- **What you will do**
Beginning at the line that contains "a building with", output each line exactly through the end of the records, and drop any pictures.

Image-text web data

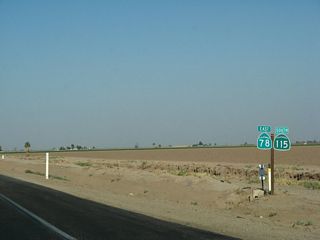 California 78 east and California 115 south overlap for a short distance, as marked by this reassurance shield east of Brawley. California 115 stays well to the east of Brawley and thus avoids any developed areas until reaching Holtville.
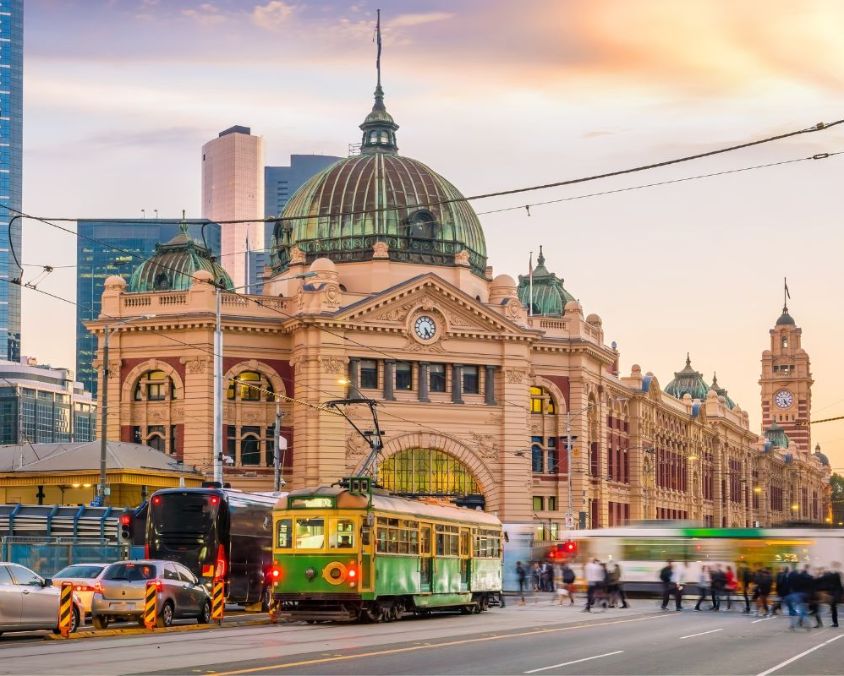Flinders Street Station in Melbourne with trams, vehicles, and pedestrians at the intersection during sunrise or sunset.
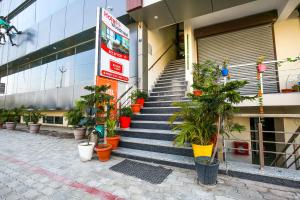 a building with stairs and potted plants in front of it at Woodcrust Lodge in Udaipur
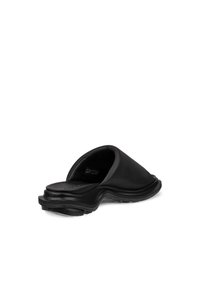 Chaussure noire à enfiler avec un design moulé, présentant un matériau supérieur lisse et une semelle texturée. Silhouette minimaliste et courbée.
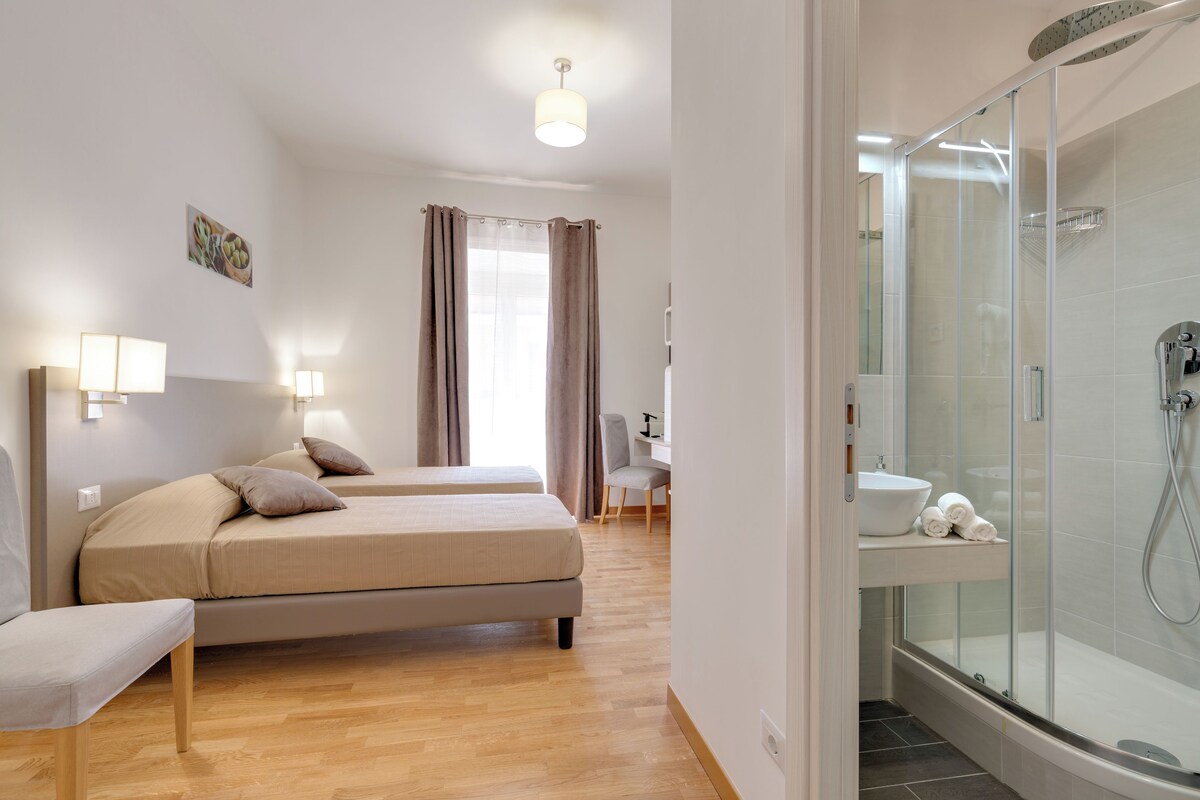 A modern hotel room with two beds, a shower, and a desk with a chair.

- **Exercise solution**
 a building with stairs and potted plants in front of it at Woodcrust Lodge in Udaipur
 Chaussure noire à enfiler avec un design moulé, présentant un matériau supérieur lisse et une semelle texturée. Silhouette minimaliste et courbée.
 A modern hotel room with two beds, a shower, and a desk with a chair.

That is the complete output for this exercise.